Die Entstehung von Antibiotika-resistenten Neisseria Gonorrhoeae (GC) ist ein weltweit Gesundheitsrisiko dar und unterstreicht die Notwendigkeit, Personen zu identifizieren, die Behandlung nicht. Dieses gramnegatives Bakterium verursacht Gonorrhoe ausschließlich beim Menschen. Während der Infektion ist es in der Lage, Form Aggregate und/oder Biofilme. Der minimalen inhibitorischen Konzentration (MIC) Test dient für Anfälligkeit gegen Antibiotika zu bestimmen und entsprechenden Behandlung zu definieren. Der Mechanismus der die Beseitigung der in-vivo und ihre Beziehung zur Laborergebnisse sind nicht bekannt. Eine Methode, die untersucht, wie GC Aggregation Antibiotikaempfindlichkeit beeinflusst und zeigt die Beziehung zwischen aggregierte Größe und Empfindlichkeit gegenüber Antibiotika wurde entwickelt. Wenn GC Aggregat sie resistenter gegen Antibiotika töten sind, überleben mit Bakterien im Zentrum Ceftriaxon-Behandlung besser als in der Peripherie. Die Daten zeigen, dass N. Gonorrhoeae Aggregation seiner Anfälligkeit für Ceftriaxon, reduzieren kann, was nicht mit den standard Agar-Platte-basierte MIC Methoden widerspiegelt. In dieser Studie verwendete Methode ermöglicht es Forschern, bakterielle Anfälligkeit unter klinisch relevanten Bedingungen zu testen.

Introduction

Gonorrhoe ist eine gemeinsame sexuell übertragbare Infektionen (STI)1. Neisseria gonorrhoeae (GC), ein gramnegatives diplococcal Bakterium ist der Erreger dieser Krankheit. Symptome der genitalen Infektion führt zu Schmerzen beim Wasserlassen, generalisierte genitale Schmerzen und Harnröhre entladen. Infektion ist oft asymptomatisch2,3,4,5, und dies ermöglicht eine erweiterte Kolonisation. Diese unbehandelten Infektionen sind ein großes gesundheitliches Problem, da sie das Potenzial, die Übertragung des Organismus zu erleichtern und dies kann zu Komplikationen wie Adnexitis (PID) und verbreitet Gonokokken-Infektion (DGI)6. Antibiotika-resistenten Tripper ist eine Krise des öffentlichen Gesundheitswesens und eine zunehmende sozioökonomische Last7. Geringere Anfälligkeit für Cephalosporine führte Behandlung Therapie Wechsel von ein einziges Antibiotikum zur dualen Therapie verbindet Azithromycin oder Doxycyclin mit Ceftriaxon8. Das erhöhte Scheitern von Ceftriaxon und Azithromycin9,10, in Kombination mit asymptomatische Infektionen, unterstreicht die Notwendigkeit der Gonorrhoe Behandlungsversagen zu verstehen.

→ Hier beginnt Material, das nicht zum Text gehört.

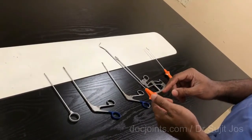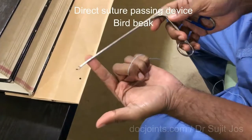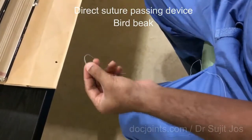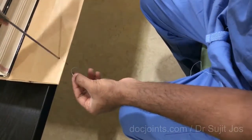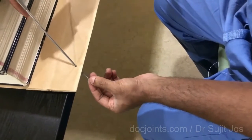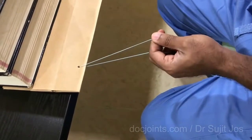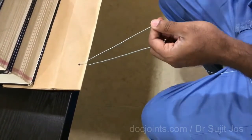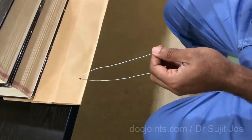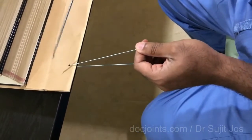We will demonstrate how each one is used. That is a bird beak or direct suture passing device, which is used to pull a suture using the eyelet at the end. You open the mouth, close it and pull it out. It's pretty simple and straightforward but it's difficult to manipulate sometimes inside the closed or tight spaces inside the shoulder.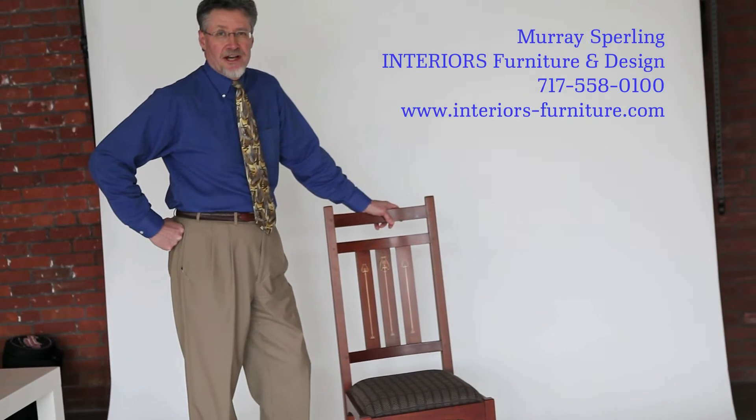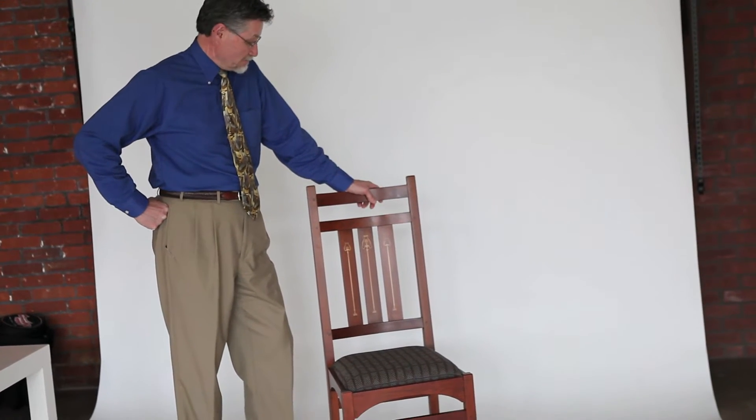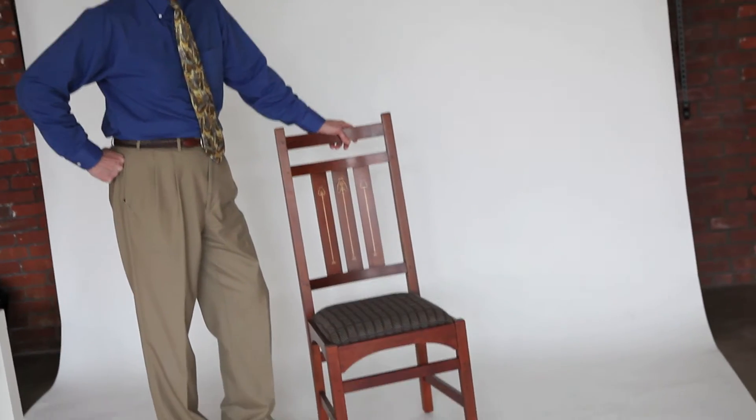Hi, I'm Murray Sperling. I'm an interior designer with Interiors in Harrisburg. I want to tell you about my dining room chair. This is a Stickley reproduction of a Harvey Ellis dining chair from 1903.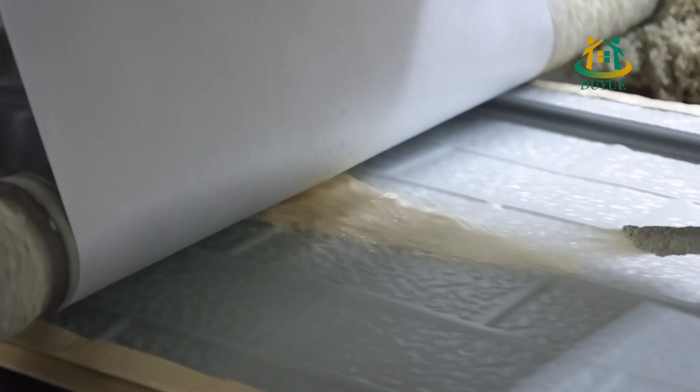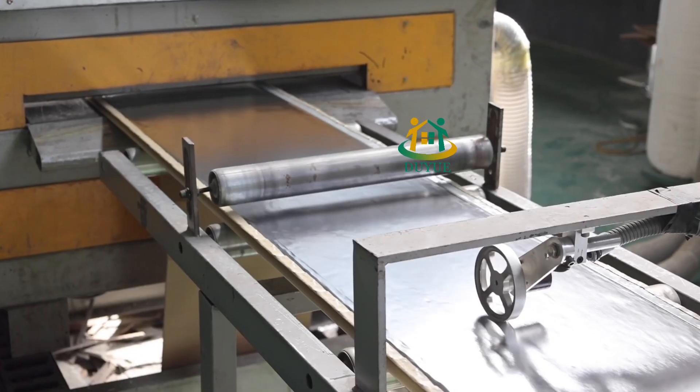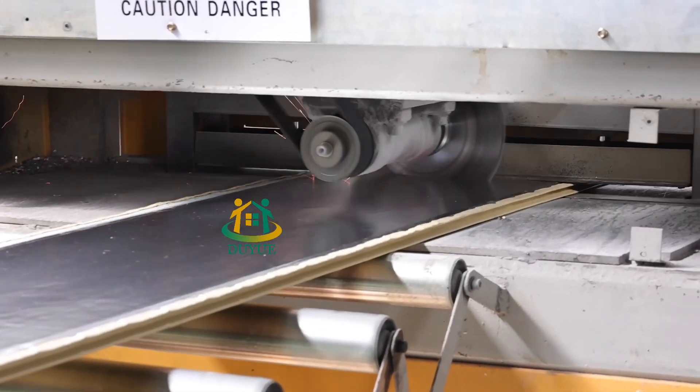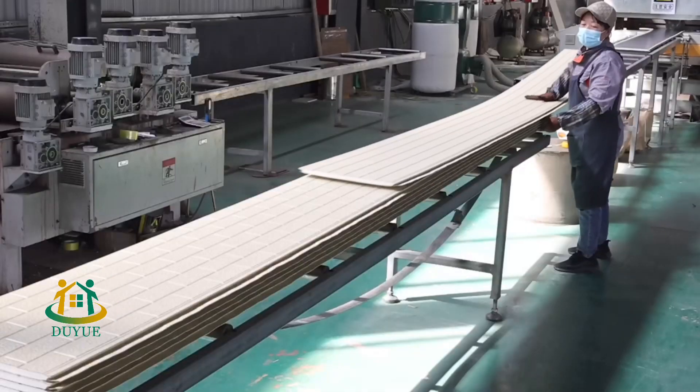The manufacturing process involves using a combination of skilled craftsmanship to produce panels that are both lightweight and strong. The panels can be easily installed using adhesives or mechanical fasteners for your wide choice.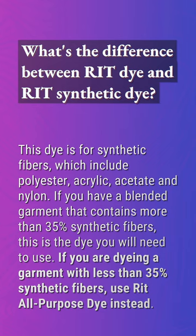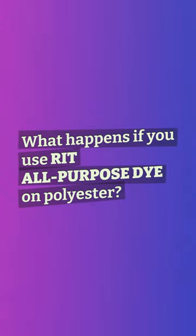Rit Synthetic Dye is for synthetic fibers which include polyester, acrylic, acetate, and nylon. If you have a blended garment that contains more than 35% synthetic fibers, this is the dye you will need to use. If you are dyeing a garment with less than 35% synthetic fibers, use Rit All-Purpose Dye instead.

Der minimalen inhibitorischen Konzentration (MIC)-Test, einschließlich der Agar-Verdünnung und Disc-Diffusion-Tests, wurde als der standard medizinischer Test zur Identifizierung von Widerstand gegen ein Antibiotikum eingesetzt. Es ist jedoch unklar, ob der MIC Test bakterielle Resistenz gegen Antibiotika in-vivo widerspiegelt. Die Entstehung von bakteriellen Biofilmen trägt für das Überleben der Bakterien im Beisein von bakterizide Konzentrationen des Antibiotikums: die MIC-Tests sind nicht in der Lage, diesen Effekt11zu erkennen. Weil GC auf Schleimhaut-Oberflächen12Biofilme bilden kann, wir stellen die Hypothese auf, dass Antibiotikum Anfälligkeit innerhalb Aggregate wäre anders als in einzelnen GC gesehen. Darüber hinaus haben Studien gezeigt, dass drei--Variable Oberflächenmoleküle, Pili, Deckkraft-assoziierten Protein (Opa Phasen) und Lipooligosaccharides (LOS), die Inter Bakterie Interaktionen regulieren, zu verschiedenen großen Aggregate13, führen 14 , 15. der Beitrag dieser Komponenten zu Antibiotika-Resistenz wurde nicht durch den Mangel an geeigneten Methoden geprüft.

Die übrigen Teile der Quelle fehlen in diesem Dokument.